For students of the Thorpe case, the most interesting admission in David Holmes's interview with News of the World on Sunday is contained in the sentence: 'Apart from exaggeration of detail . . . Bessell's basic story is true.'

This admission refers to Mr Peter Bessell's description of a scene in the House of Commons when Jeremy Thorpe urged him and Holmes to murder Norman Scott. It formed the nub of the second charge against Thorpe — of incitement to commit murder — which was based at that time on Mr Bessell's un-corroborated evidence. Mr Bessell's credibility as a witness, it will be remembered, was destroyed in part by a contract he had agreed with the Sunday Telegraph, which gave him financial incentives to secure a conviction, in part by a succession of onslaughts on his reliability as a witness by the judge, Sir Joseph Cantley OBE: 'You will have seen that Mr Bessell is plainly a very intelligent, very articulate man. He must have impressed the electors of Cornwall very much. He told us he was a lay preacher at the same time as being, as he put it, sexually promiscuous. And therefore a humbug.'

At the beginning of his summing up, the judge, after a gratuitous and lengthy encomium on the 'unblemished reputations' of all four defendants, warned the jury that they should look at Mr Bessell's evidence 'with distrust', that it would be 'dangerous' to act upon his evidence unless it was corroborated by 'untainted evidence' from elsewhere.

Now, rather late in the day, Mr Bessell has received his corroboration. It appeared under the banner headlines: 'WORLD EXCLUSIVE: Truth behind the biggest political scandal of the decade. KILL SCOTT! PLEADED THORPE Jeremy's right-hand man tells the lot.'

Even now, the admission comes out in a curious and rather unsatisfactory form. Perhaps I had better quote from what Mr Holmes said. People will remember him as a former deputy treasurer of the Liberal Party, an old and close friend of Thorpe who was accused with him of conspiracy to murder. More recently, of course, Holmes who now describes himself as a disco manager has been in trouble with the police over homosexual activities, but there is no need to dwell on that. This is what Holmestold the News of the World: 'I spent ten years trying to help Jeremy Thorpe. My whole thought was to save him. That was exactly what was in my mind when I decided not to give evidence in my own defence at the Old Bailey. Under oath, from now to eternity, I deny the charge of conspiracy to murder. But the incitement charge which Jeremy faced was true, and if I'd have gone into the witness box I'd have had to tell the truth.'

Of course even if he had decided to give evidence, there is no reason to suppose that Judge Cantley would have found his evidence less tainted than that of Mr Bessell, or of Mr Newton (who claimed that Holmes had hired him to murder Scott) or of Mr Scott himself, the unfortunate victim of all this incitement and conspiracy, described by the judge as a crook, fraud, sponger, whiner and parasite; 'But of course, he could still be telling the truth. It is a question of belief. . . I am not expressing any opinion.' While Mr Holmes kept his mouth shut, the judge spoke warmly of 'his unblemished reputation', but he might not have maintained this enthusiasm . . .

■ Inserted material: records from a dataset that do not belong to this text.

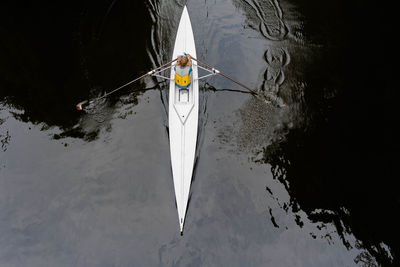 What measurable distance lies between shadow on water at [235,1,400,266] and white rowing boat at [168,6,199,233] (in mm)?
2983

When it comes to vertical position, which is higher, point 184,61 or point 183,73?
point 184,61

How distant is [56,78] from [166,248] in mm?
11673

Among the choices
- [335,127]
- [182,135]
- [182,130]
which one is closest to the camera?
[182,135]

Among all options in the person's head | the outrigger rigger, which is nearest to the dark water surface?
the outrigger rigger

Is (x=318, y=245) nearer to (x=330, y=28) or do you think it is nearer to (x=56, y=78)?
(x=330, y=28)

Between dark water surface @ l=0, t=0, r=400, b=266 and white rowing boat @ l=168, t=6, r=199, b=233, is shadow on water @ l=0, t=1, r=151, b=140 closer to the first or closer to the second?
dark water surface @ l=0, t=0, r=400, b=266

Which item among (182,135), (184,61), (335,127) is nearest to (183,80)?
(184,61)

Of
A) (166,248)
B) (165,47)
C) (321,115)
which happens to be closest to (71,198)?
(166,248)

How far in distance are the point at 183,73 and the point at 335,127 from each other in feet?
28.1

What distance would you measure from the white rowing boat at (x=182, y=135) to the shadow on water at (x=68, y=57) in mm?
2985

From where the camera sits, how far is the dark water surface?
10750 millimetres

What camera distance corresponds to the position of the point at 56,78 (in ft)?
→ 49.5

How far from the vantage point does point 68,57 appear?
16.0 metres

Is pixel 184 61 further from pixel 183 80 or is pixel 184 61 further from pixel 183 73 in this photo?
pixel 183 80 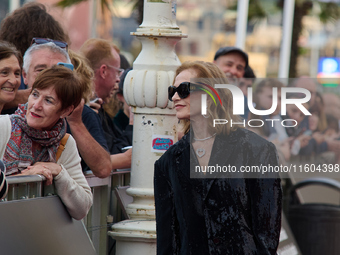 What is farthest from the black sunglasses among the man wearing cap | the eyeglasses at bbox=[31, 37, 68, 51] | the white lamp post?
the man wearing cap

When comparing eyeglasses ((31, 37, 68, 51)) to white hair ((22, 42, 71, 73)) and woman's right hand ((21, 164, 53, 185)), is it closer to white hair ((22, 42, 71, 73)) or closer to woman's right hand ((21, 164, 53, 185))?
white hair ((22, 42, 71, 73))

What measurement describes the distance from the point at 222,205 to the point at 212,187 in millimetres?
109

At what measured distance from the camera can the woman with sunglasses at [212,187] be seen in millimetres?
3480

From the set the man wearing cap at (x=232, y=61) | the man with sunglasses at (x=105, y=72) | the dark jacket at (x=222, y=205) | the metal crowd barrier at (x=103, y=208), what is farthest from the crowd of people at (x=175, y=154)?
the man wearing cap at (x=232, y=61)

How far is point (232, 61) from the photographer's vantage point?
724 centimetres

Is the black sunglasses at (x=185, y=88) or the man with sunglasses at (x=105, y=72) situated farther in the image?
the man with sunglasses at (x=105, y=72)

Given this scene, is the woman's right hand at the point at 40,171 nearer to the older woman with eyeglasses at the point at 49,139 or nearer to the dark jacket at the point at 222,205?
the older woman with eyeglasses at the point at 49,139

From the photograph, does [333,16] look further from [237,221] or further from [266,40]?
[266,40]

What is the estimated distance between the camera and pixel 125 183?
213 inches

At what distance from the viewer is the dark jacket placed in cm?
347

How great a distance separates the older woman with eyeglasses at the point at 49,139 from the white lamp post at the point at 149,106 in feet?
2.85

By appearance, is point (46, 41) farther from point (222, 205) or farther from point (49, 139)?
point (222, 205)

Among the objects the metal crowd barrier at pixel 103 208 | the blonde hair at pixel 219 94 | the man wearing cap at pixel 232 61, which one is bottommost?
the metal crowd barrier at pixel 103 208

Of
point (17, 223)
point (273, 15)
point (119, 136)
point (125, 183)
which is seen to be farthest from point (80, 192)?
point (273, 15) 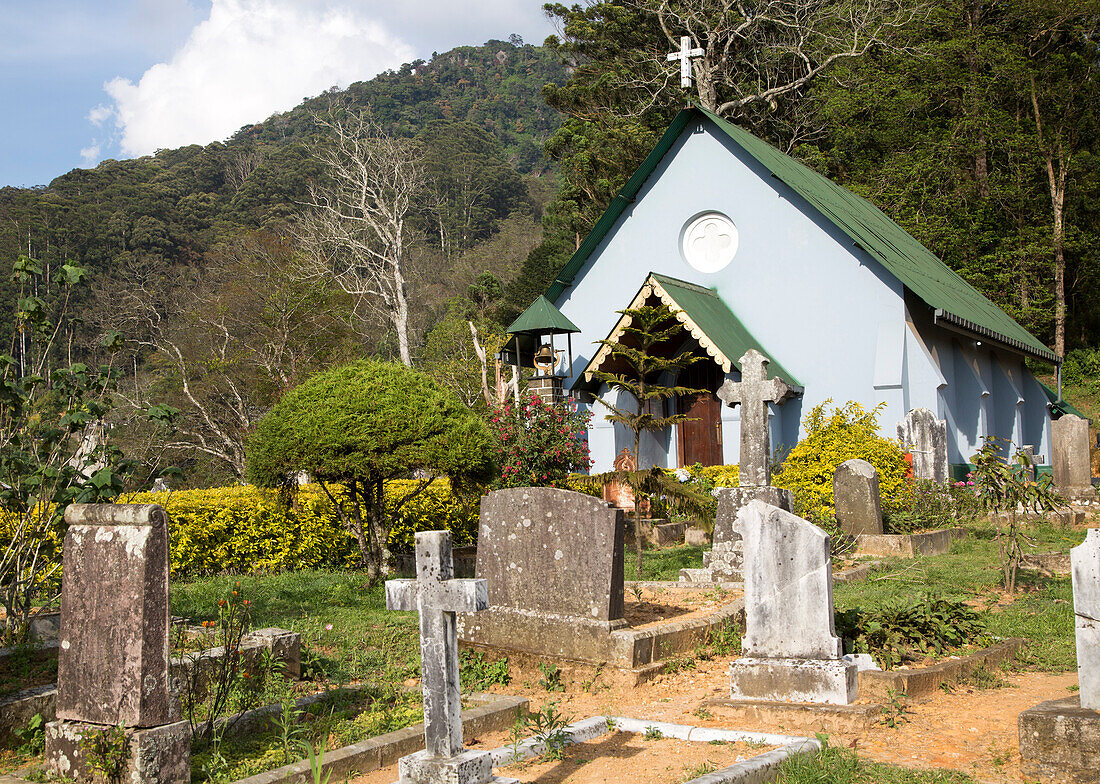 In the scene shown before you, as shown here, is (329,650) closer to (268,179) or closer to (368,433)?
(368,433)

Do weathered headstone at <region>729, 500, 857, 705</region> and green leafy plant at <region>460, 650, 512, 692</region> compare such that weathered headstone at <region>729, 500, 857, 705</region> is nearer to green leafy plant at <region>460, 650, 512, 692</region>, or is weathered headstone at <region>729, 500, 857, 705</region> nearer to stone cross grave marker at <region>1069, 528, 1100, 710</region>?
stone cross grave marker at <region>1069, 528, 1100, 710</region>

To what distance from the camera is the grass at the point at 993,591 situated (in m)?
8.00

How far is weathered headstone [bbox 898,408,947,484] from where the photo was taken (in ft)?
60.3

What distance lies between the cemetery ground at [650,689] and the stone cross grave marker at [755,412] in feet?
5.39

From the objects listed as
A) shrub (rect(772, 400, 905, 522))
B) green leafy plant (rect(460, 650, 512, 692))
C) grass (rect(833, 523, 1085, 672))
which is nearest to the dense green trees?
green leafy plant (rect(460, 650, 512, 692))

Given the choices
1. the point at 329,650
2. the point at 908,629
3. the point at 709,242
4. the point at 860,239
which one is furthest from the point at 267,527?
the point at 860,239

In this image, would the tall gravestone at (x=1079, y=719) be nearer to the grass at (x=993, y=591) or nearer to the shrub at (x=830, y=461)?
the grass at (x=993, y=591)

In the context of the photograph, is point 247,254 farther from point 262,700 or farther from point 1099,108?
point 1099,108

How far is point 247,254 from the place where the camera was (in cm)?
3231

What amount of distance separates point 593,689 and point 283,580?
19.5 feet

The question is bound to arise why Mr Holmes has decided to 'tell the lot' now. The newspaper explains that it has paid a substantial fee to charity in return for Mr Holmes's cooperation: 'David Holmes is receiving no financial benefit whatever.' Holmes himself explains that he hopes it will end speculation and Press persecution, although one may doubt whether it will have either effect. On the only occasion he opened his mouth throughout the police investigations — during the first inquiry conducted by Devon and Cornwall's Chief Superintendent Proven Sharpe — it was to deny that he had ever heard of or met Andrew Gino Newton, so plainly he is not above the occasional whopper. Personally, I prefer to believe that he was engaged in a conspiracy to murder, or that he is lying again. But the chief interest of his new admission, as I say, is in its rehabilitation of Mr Bessell; the scandal exposed is not the old political one of Mr Thorpe's involvement with Norman Scott — we may all be tempted to sigh, with Barabas the Jew of Malta: 'Fornication? But that was in another Country: and besides, the wench is dead.' — but a judicial and journalistic scandal of almost equal proportions, which nobody has yet touched upon.

I am not, of course, suggesting for a moment that there is any P2-style Masonic link between the office of the Director of Public Prosecutions, Mr Justice Cantley, the Sunday Times and Mr Thorpe — I do not even know if all or any of the principals involved are Masons — but a study of the newly rehabilitated Mr Peter Bessell's book — Cover-up: The Jeremy Thorpe Affair — does raise some disturbing thoughts about the ability of our prosecuting authority, judicial and journalistic systems to copewith serious criminal charges which involve a public figure.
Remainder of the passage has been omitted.